Dr. Elizabeth Halloran, the Ross Prentice Professor of Biostatistics in the UW School of Public Health and Community Medicine and member at Fred Hutchinson Cancer Research Center, is internationally recognized as a pre-eminent researcher in the study of infectious disease. She is at the forefront of efforts to thwart a flu pandemic and serves as an advisor to federal public health and security agencies.
After a long tenure at Emory University in Atlanta, Halloran and her longtime research collaborator Ira Longini joined the UW community earlier this year.
Q: Why did you come to the UW? Why now?
A: The University of Washington’s global health initiative and its plans, together with the Hutch, to build a vaccine center presented a great opportunity for us. We were recruited to help build those initiatives and to build a center for computational epidemiology as part of those initiatives.
Q: You use stochastic models to study infectious disease interventions. Can you explain this model?

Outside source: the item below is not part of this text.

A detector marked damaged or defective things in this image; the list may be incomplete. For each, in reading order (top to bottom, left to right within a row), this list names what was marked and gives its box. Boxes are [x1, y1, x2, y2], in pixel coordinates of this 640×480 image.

A: The stochastic model mirrors the uncertainty of how infectious diseases are spread. Our computer, Psyche, randomly assigns outcomes in much the way nature does. A disease carrier might infect many people, or have symptoms of the disease, limited contact with others, and infect nobody. The model uses census demographics to calculate how a pandemic would spread in the United States.

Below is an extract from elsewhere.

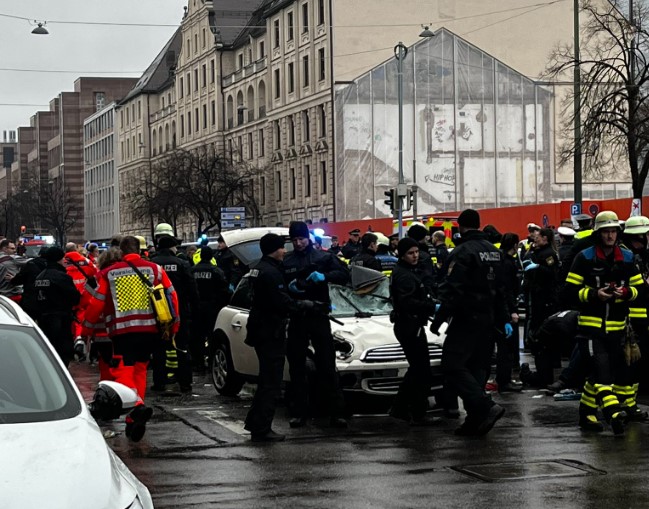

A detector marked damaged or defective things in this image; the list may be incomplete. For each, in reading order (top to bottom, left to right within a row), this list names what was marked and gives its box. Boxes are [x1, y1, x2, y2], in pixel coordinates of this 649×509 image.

smashed windshield [330, 278, 390, 318]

Q: You focus on infectious diseases in your research, specifically interventions for infectious diseases. What are your research priorities?
A: At the moment, I am working on how to evaluate interventions such as vaccines for infectious diseases, such as influenza. I am also interested in novel study designs and statistical methods of analysis of such studies.We do mathematical modeling of infectious diseases such as a pandemic influenza. I am also working on methods to analyze gene expression experiments in the development of immune memory and how vaccines work.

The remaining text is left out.